The scheme value is case-sensitive. The AWS Load Balancer Controller only accepts lowercase values. Using "Internal" or "Internet-Facing" (with capital letters) will cause the ALB to silently fail to provision.
| Scheme | Value | Use Case |
|---|
| Internet-facing | internet-facing | Public access from the internet |
| Internal | internal | Private access within your VPC only |
Internet-facing ALB (default):
web:
ingress:
enabled: true
className: "alb"
host: "crewai.company.com"
alb:
scheme: "internet-facing"
targetType: "ip"
certificateArn: "arn:aws:acm:REGION:ACCOUNT:certificate/CERTIFICATE_ID"
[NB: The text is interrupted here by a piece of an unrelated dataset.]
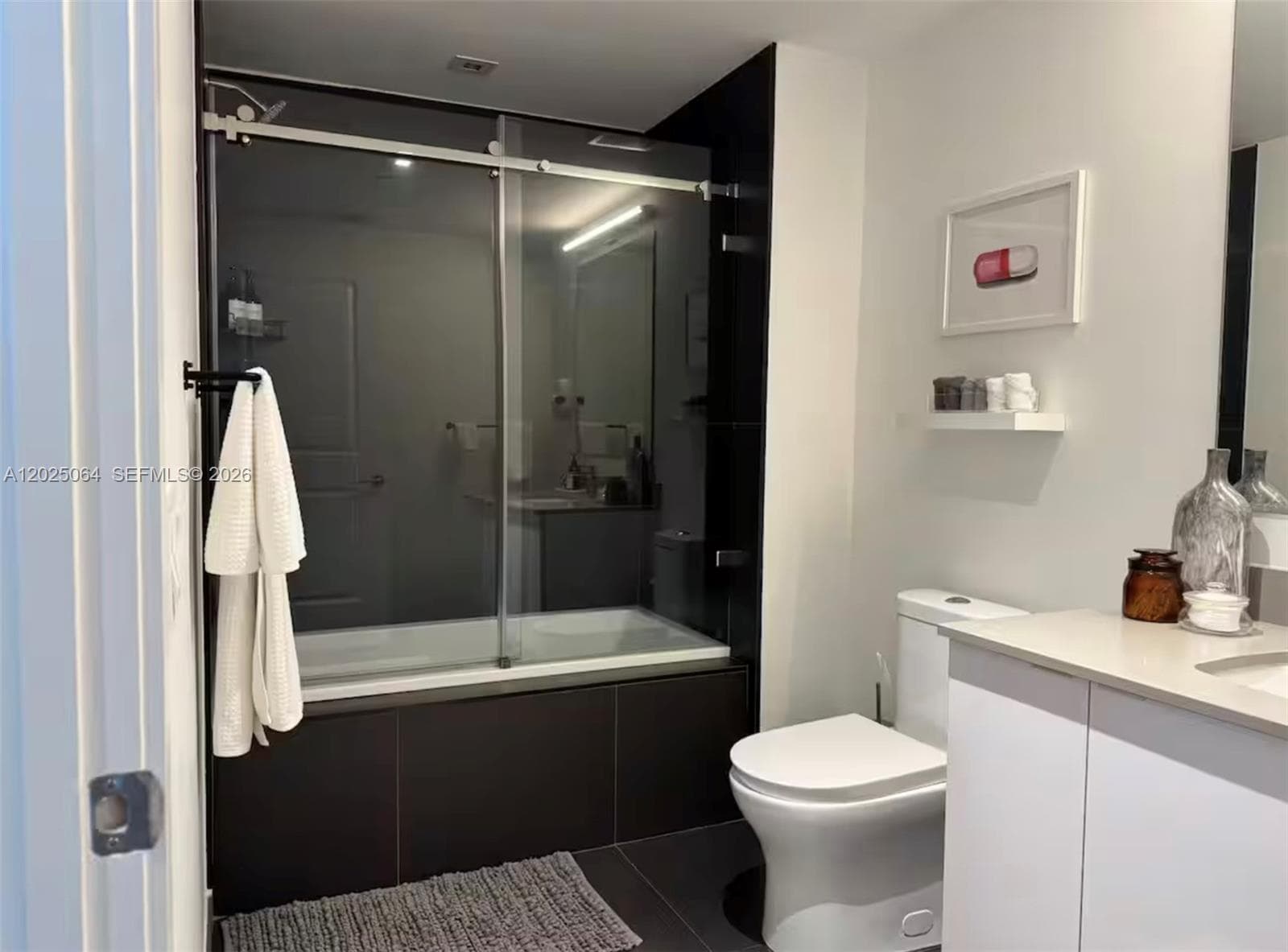 1600 NE 1 AVE # 3519, Miami FL 33132 — 20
sslPolicy: "ELBSecurityPolicy-TLS-1-2-2017-01"
Internal ALB:
web:
ingress:
enabled: true
className: "alb"
host: "crewai.internal.company.com"
alb:
scheme: "internal"
targetType: "ip"
certificateArn: "arn:aws:acm:REGION:ACCOUNT:certificate/CERTIFICATE_ID"
sslPolicy: "ELBSecurityPolicy-TLS-1-2-2017-01"
ALB Subnet Selection
The AWS Load Balancer Controller uses subnet tags to automatically discover which subnets to place the ALB in. If the wrong subnets are tagged, the ALB will be created in unintended subnets.
Required subnet tags:
| ALB Scheme | Required Tag | Tag Value |
|---|
internet-facing | kubernetes.io/role/elb | 1 |
internal | kubernetes.io/role/internal-elb | 1 |
Ensure only the subnets where you want the ALB placed have the appropriate tag. Remove the tag from any subnets that should not host the ALB.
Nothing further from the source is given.